Hey IH,
I think many of you will relate to this. For the longest time, my life as a founder looked like this:
Tab 1: Scrolling LinkedIn or YC Match, trying to find a co-founder who gets my vision.
Tab 2: Posting on Reddit, begging for feedback on a new idea.
Tab 3: Browsing Acquire.com, wishing I could sell my small, pre-revenue side project.
Tab 4: GitHub, staring at a folder of "dead" projects that had so much potential.
Tab 5: My actual code editor, where I was supposed to be building.
It was chaos. The friction of switching between these tools was killing my motivation.
I got tired of waiting for someone else to fix it, so I built the solution myself. It’s called Startives.
It’s not just another tool. It’s a unified ecosystem designed to mirror the actual startup journey. Here's how it solves the mess:
For the loneliness: We built a deep matching system to find a real partner, not just a freelancer. It connects "Visionaries" (idea people) with "Builders" (devs/designers).

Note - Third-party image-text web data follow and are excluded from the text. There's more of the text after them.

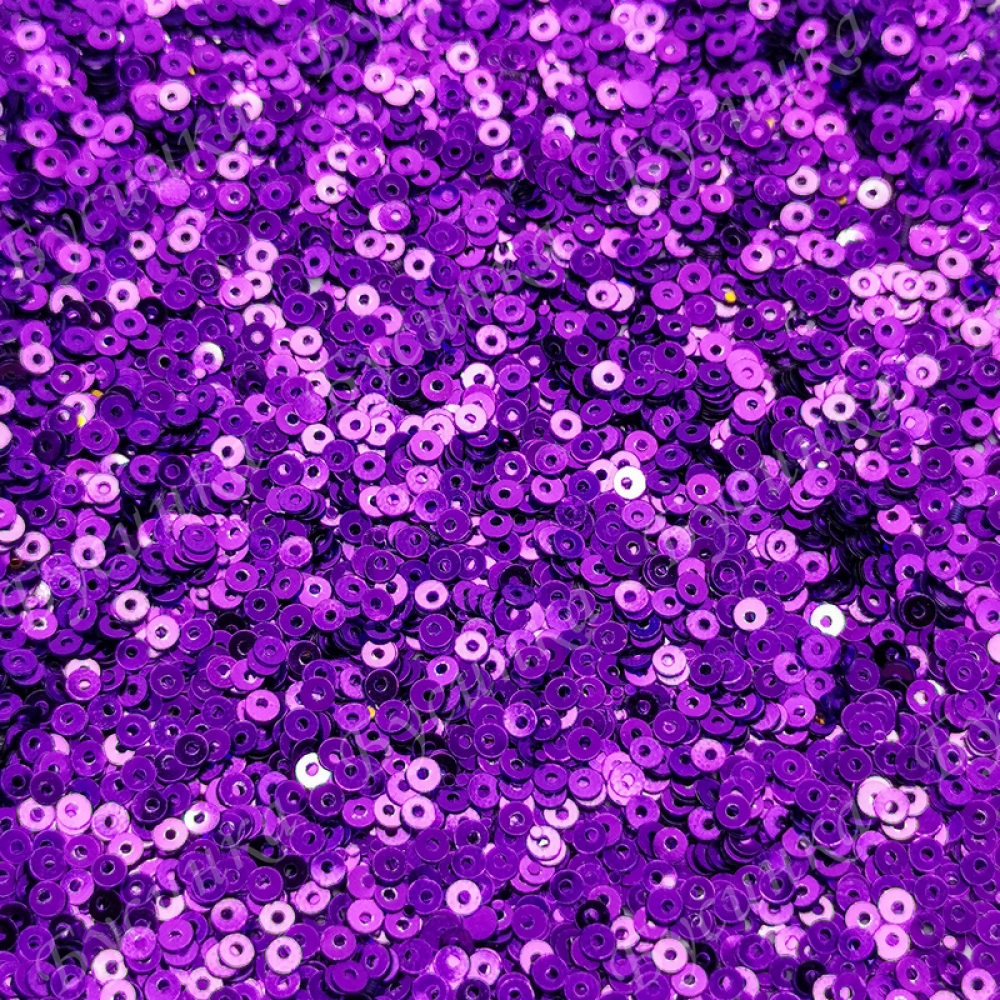 Пайетки 2 мм. Цвет: Фиолетовый металлик, 2,5 гр.
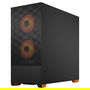 Fractal Design Pop Air Midi-Tower, Cristal Templado, Ventiladores RGB Orange Core, TG Clear Tint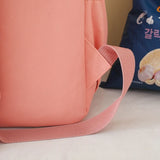 4pcs Lace School Backpack with Shoulder Bag Pencil Case Book Bags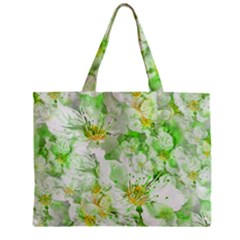 Light Floral Collage  Zipper Mini Tote Bag by dflcprints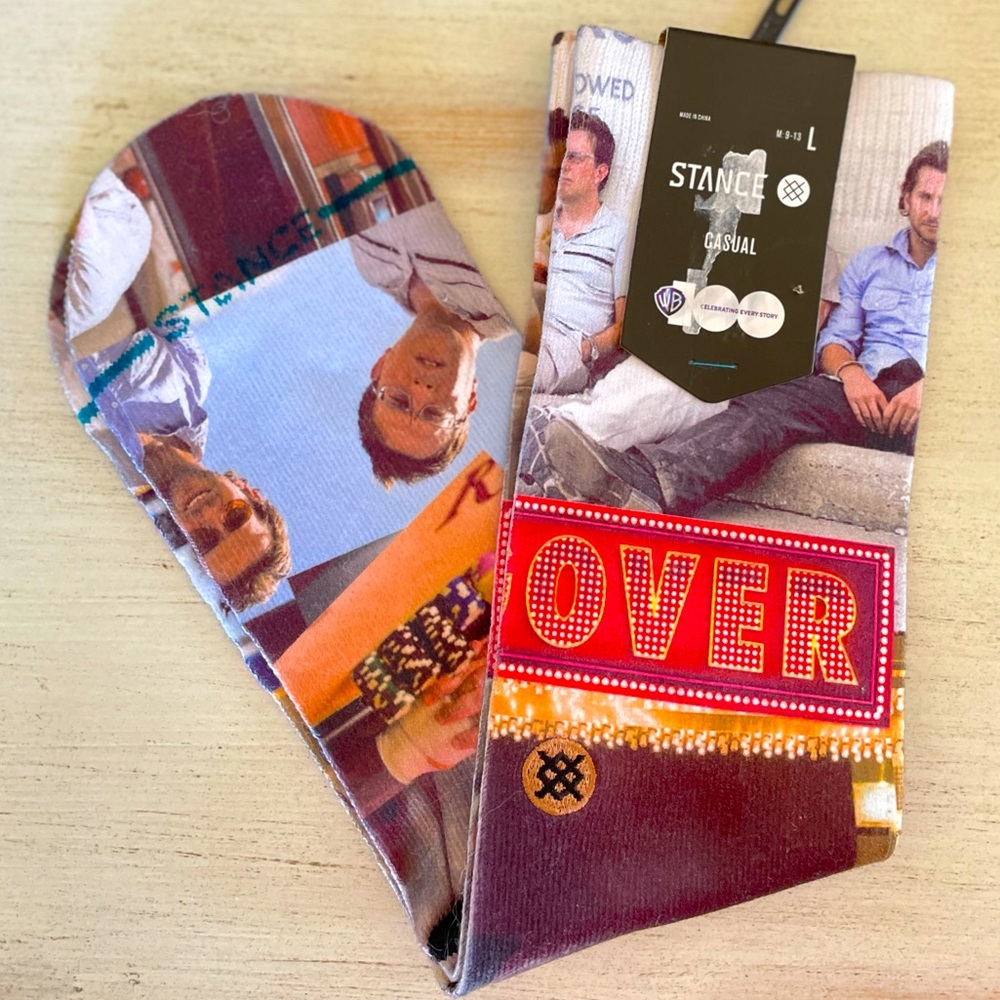 STANCE CREW SOCKS “THE HANGOVER” NEW SZ LG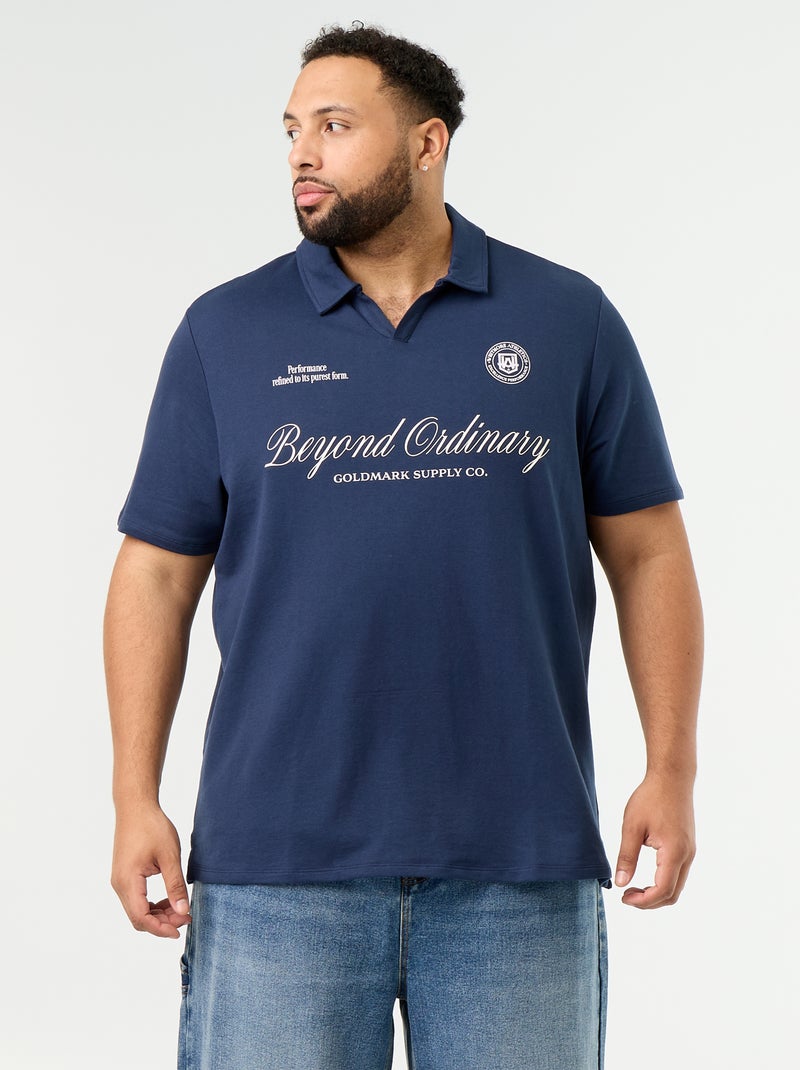 Polo in maglia jersey a maniche corte Nero - Kiabi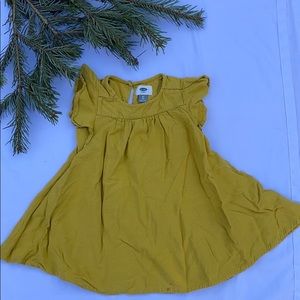 Old Navy mustard yellow girls dress 3t
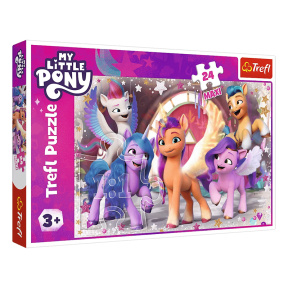 Puzzle- "24 Maxi" - A happy day of Ponies / Hasbro, My Little Pony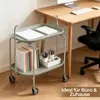 Carrello da cucina con ruote, 3 ripiani, carrello di Anteprima dell’immagine prodotto 9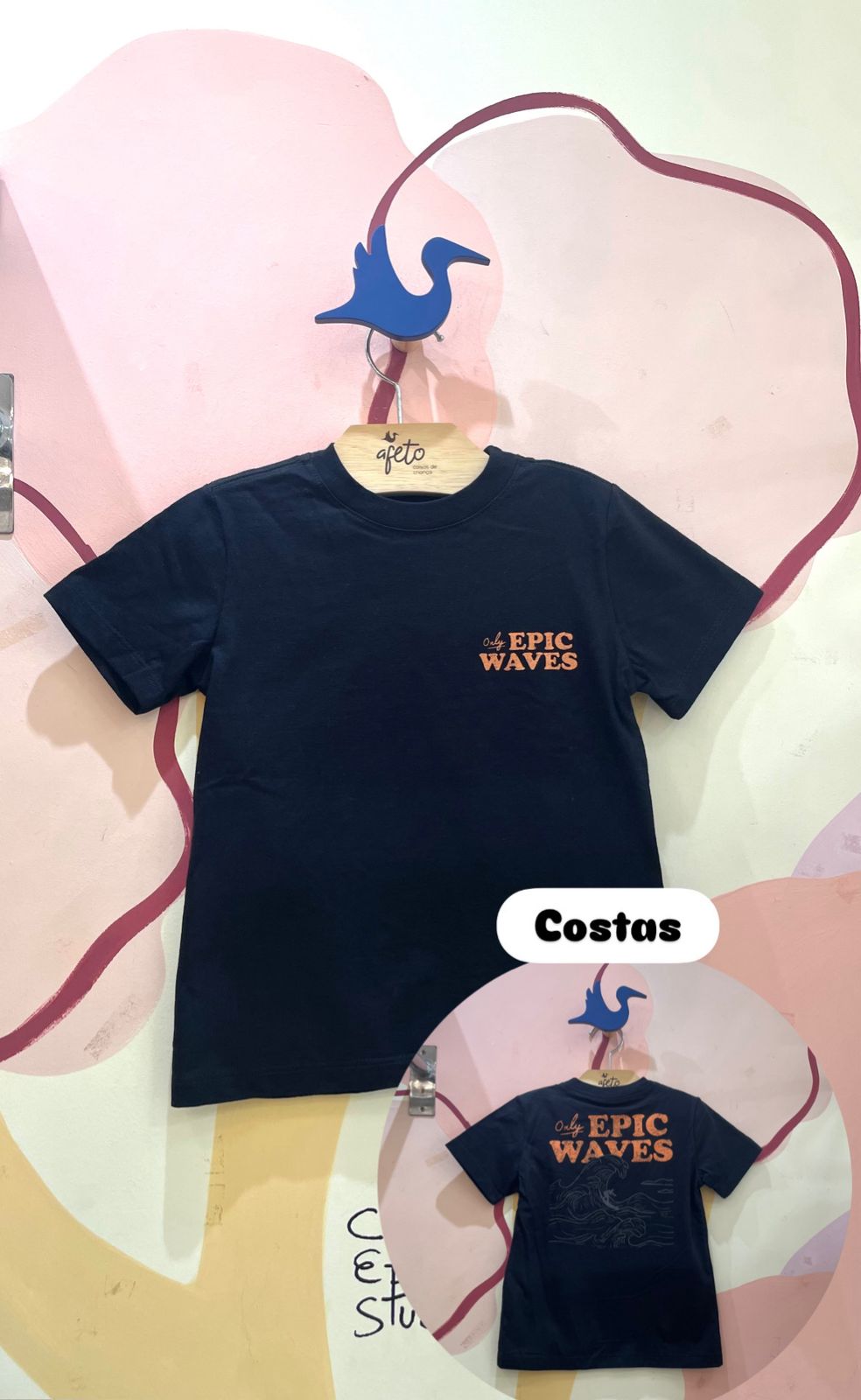Camiseta Manga Curta menino Onda Kids Tam 4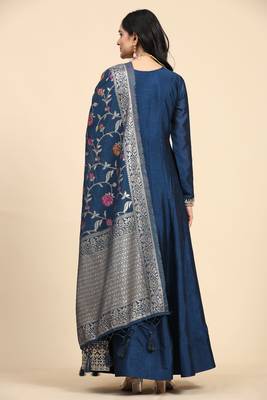 Women's Anarkali Suit Set with Jacquard Dupatta Kurta Set for Women 3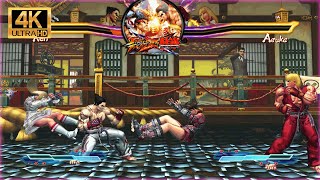 STREET FIGHTER X TEKKEN KEN amp KAZUYA VS ASUKA amp LILI FIGHT TWO [upl. by Idnaj]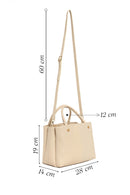 Kadın Krem Uzun Askılı Baskılı Klasik Kol Çantası | Derimod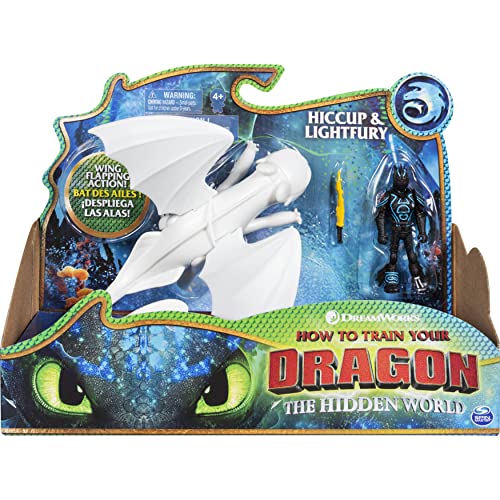 Dragons Dragon & Viking Hiccup/Lightfury - Figuras de juguete para niños (4 año(s), Niño/niña, Dibujos animados, Animales, Dragon Riders, 4559 pieza(s)) , color/modelo surtido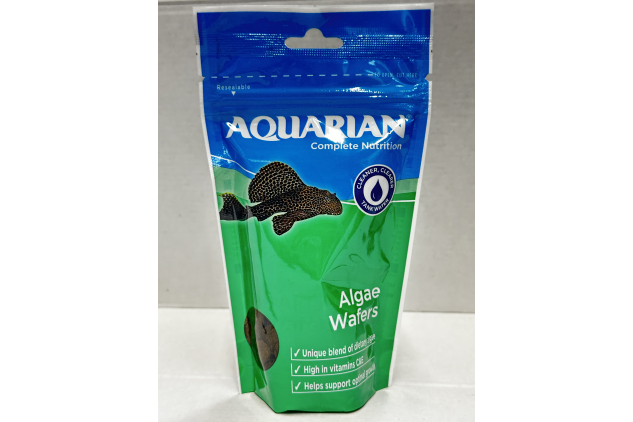 Aquarian Algae Wafers 85g Complete Nutrition for Plecs Catfish & Algae Eaters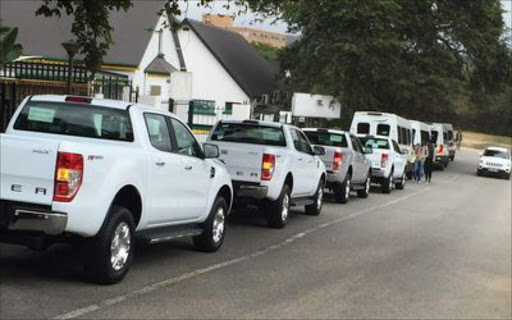 ANC businessman Robert Gumede donated four buses, 10 Ford Rangers and 20 iPads to boost the party’s campaigning in Mpumulanga, his home province.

For the "building in the dark" problem: We added a validation loop and a live social feed called Startalks. You get real feedback from other founders before you waste months building the wrong thing.
For the "digital graveyard" of projects: This is my favorite part. We have a marketplace specifically for "micro-exits." You can sell your abandoned MVPs or small SaaS projects. We take zero commission. Good code shouldn't die in a private repo.
I'm a builder first, so Startives is free to join. My goal is to create a community of people who are actually building, not just talking.
I’d love for the IH community to check it out and give me your brutally honest feedback. Does an "all-in-one" platform like this actually make sense, or do you prefer using separate tools?
You can see it here: startives.com
What's the most annoying part of your current workflow? Let's talk in the comments.
This is so relatable. As a solo founder I also end up with 6 tabs open just to keep track of everything. The friction is real.
Congrats on actually building the fix instead of just complaining about it, that’s rare.